SUPPLIED INFORMATION Block Start

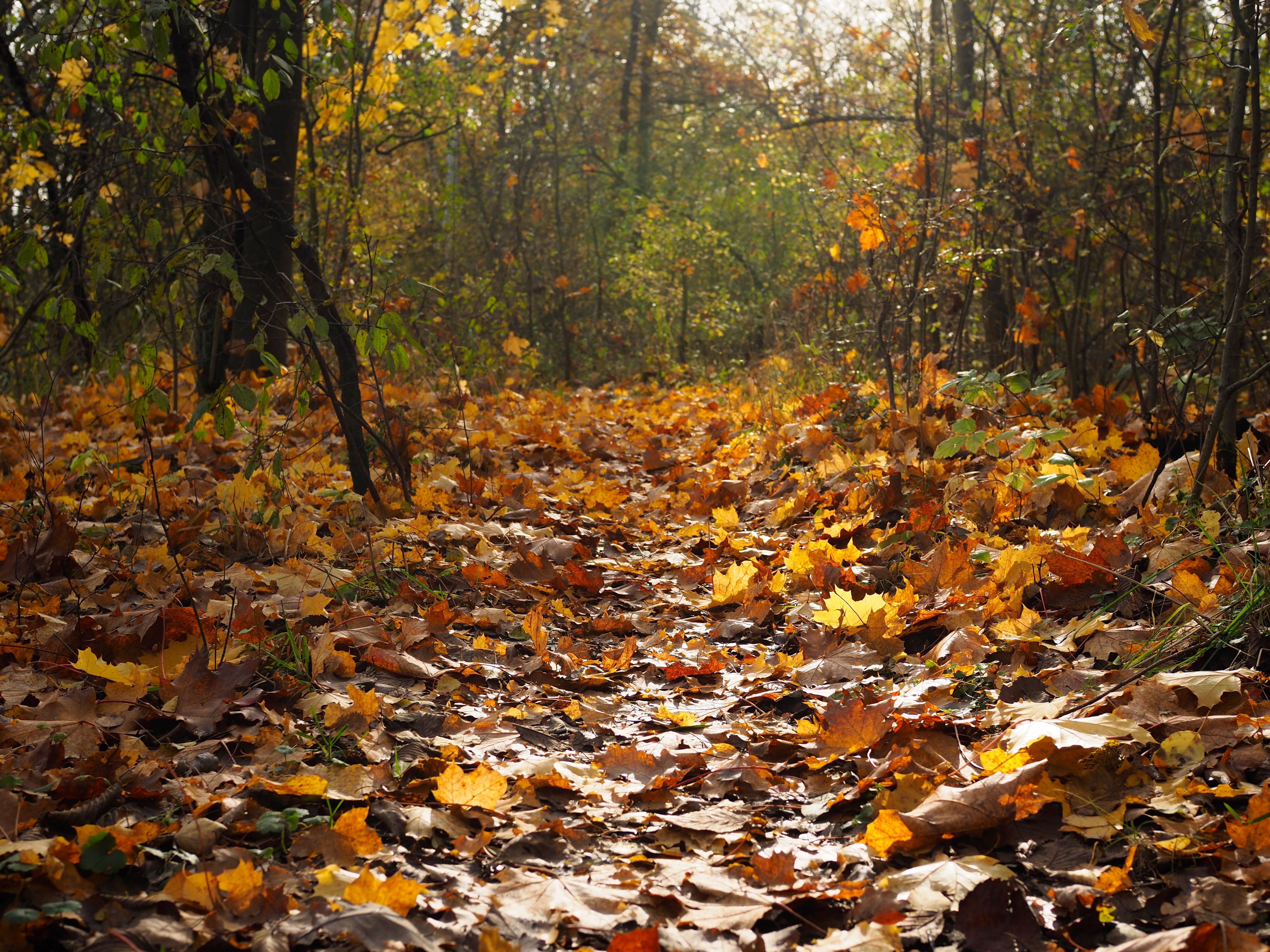 27K forested acres in western Maine are now protected for outdoor recreation — Photo by Mateusz Chodakowski on Pexels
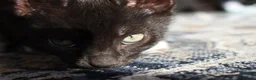 Mixed Breed cats for sale: Two Gorgeous Black Kittens Looking for Loving Home - Advert 8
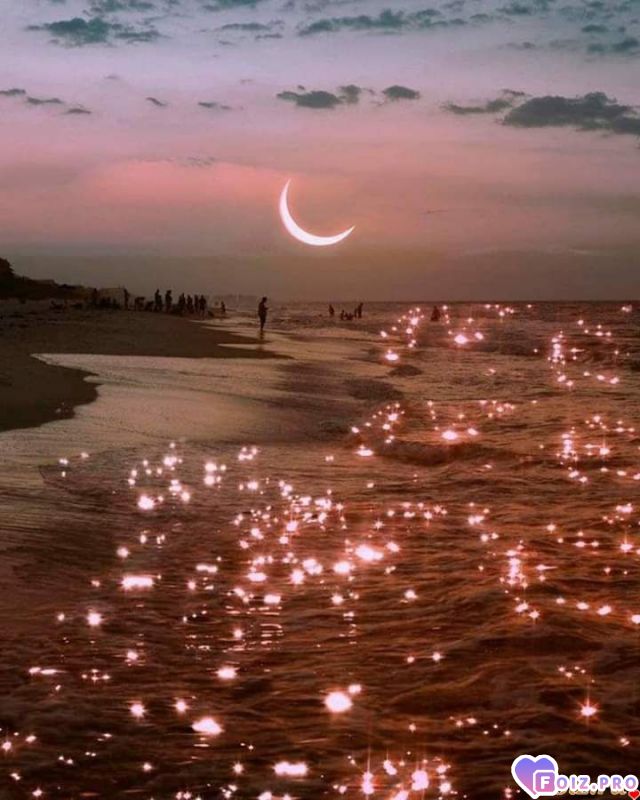 FB_IMG_1571387588379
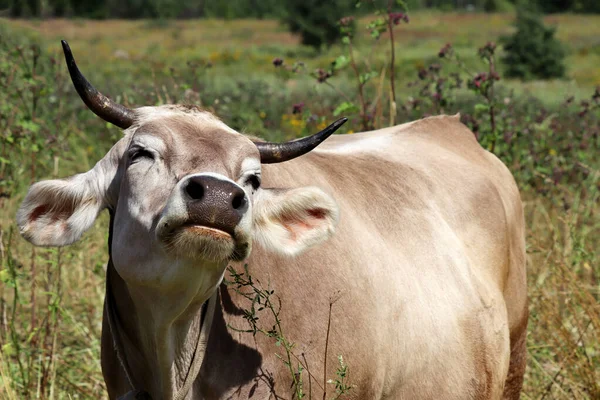 Vaca Feliz Entrecerrada Pasto Verano Comiendo Hierba Paisaje Rural Ganadería — Foto de Stock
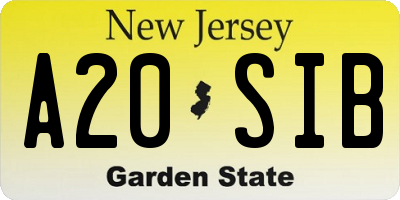 NJ license plate A20SIB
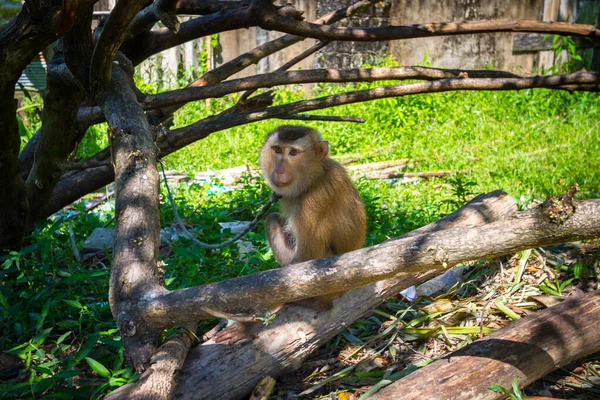 在泰国的一个家 一只猴子被捆在皮带上 — 图库照片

SUPPLIED INFORMATION Block End

Once the line holding "NJ license plate A20SIB" is found, set it down along with every line after it through the end of the entries, exactly, leaving the pictures out.

 NJ license plate A20SIB
 在泰国的一个家 一只猴子被捆在皮带上 — 图库照片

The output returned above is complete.